In der Geschichte ebenso wie in der Natur geht alles schrittweise vor sich. Sowie ein Damm mit einem Mal bricht (das heißt sehr schnell, doch stets durch die Zeit bedingt), entweder weil das Wasser sich so sehr akkumuliert hat, dass es schließlich mit seinem Druck den ihm entgegengesetzten Widerstand überwindet oder weil ein fortschreitender Zerfall des Materials stattgefunden hat, aus dem der Damm gebaut ist, so brechen auch Revolutionen aus, weil die Kräfte, die die Umgestaltung der Gesellschaft anstreben, stark genug geworden sind, um die herrschende Regierung zu zerschlagen und weil eine zunehmende Schwächung der konservativen Kräfte aus internen Gründen stattgefunden hat.
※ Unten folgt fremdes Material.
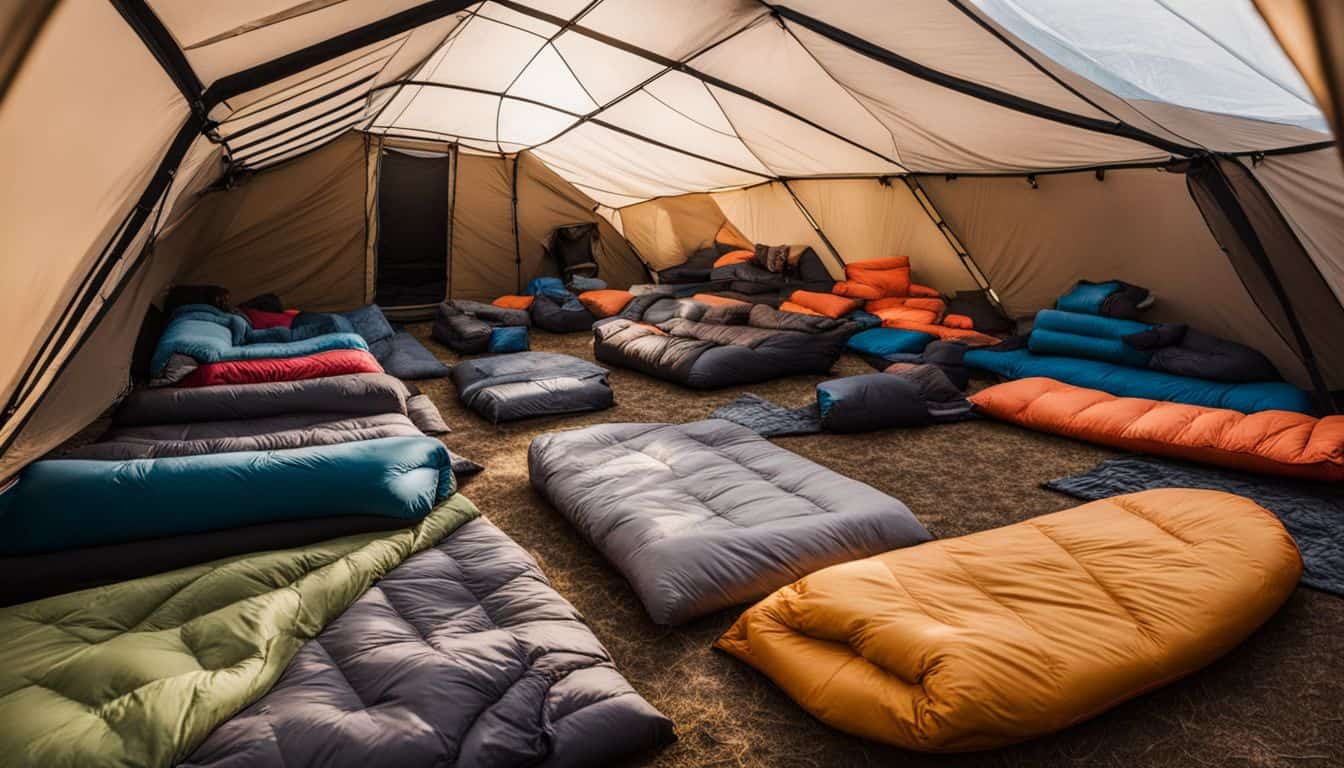 A collection of sleeping bags laid out in a camping tent.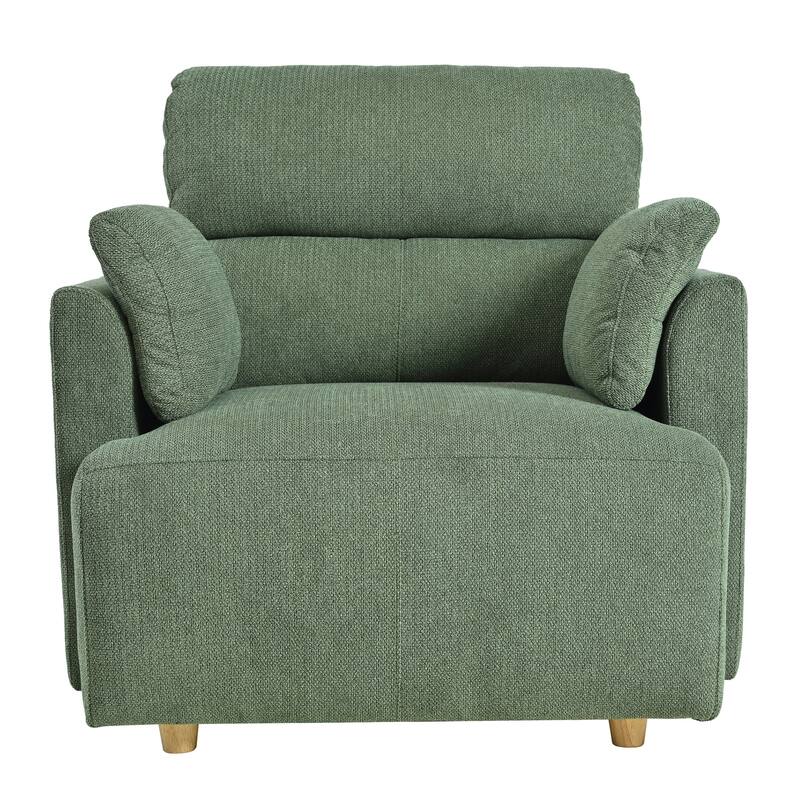 Oversized Chair w/Storage Ottoman, Wide Accent Armchair Chair, Modern Lounge Chair, Upholstered Mid-Century Reading Chair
Heute sind wir Reformatoren, insofern wir versuchen, günstigere Bedingungen zu schaffen und so viele bewußte Anhänger wie nur möglich zu finden, um eine Erhebung des Volkes bis zum Ende durchrühren zu können: wir werden morgen, nach der siegreichen Insurrektion und nach errungener Freiheit Reformatoren sein, insofern wir mit allen Mitteln, die die Freiheit gestattet, also mit Propaganda, Beispiel, mit - auch gewaltsamem - Widerstand gegen jeden, der versuchen sollte, unsere Freiheit einzuschränken, versuchen werden, für unsere Ideen immer mehr Anhänger zu gewinnen.
Niemals werden wir jedoch - und darin unterscheidet sich unser „Reformismus“ von einem gewissen „Revolutionarismus“, der sich in die Wahlurnen Mussolinis oder anderer ergießt, niemals werden wir die Institutionen anerkennen: wir werden uns die möglichen Reformen nehmen oder erringen mit genau dem Geist, mit dem man dem Feind besetztes Gebiet entreißt, um stets vorwärts zu schreiten. Wir werden stets Feinde jeder Regierung bleiben, sei es der monarchischen von heute oder der republikanischen oder bolschewistischen von morgen.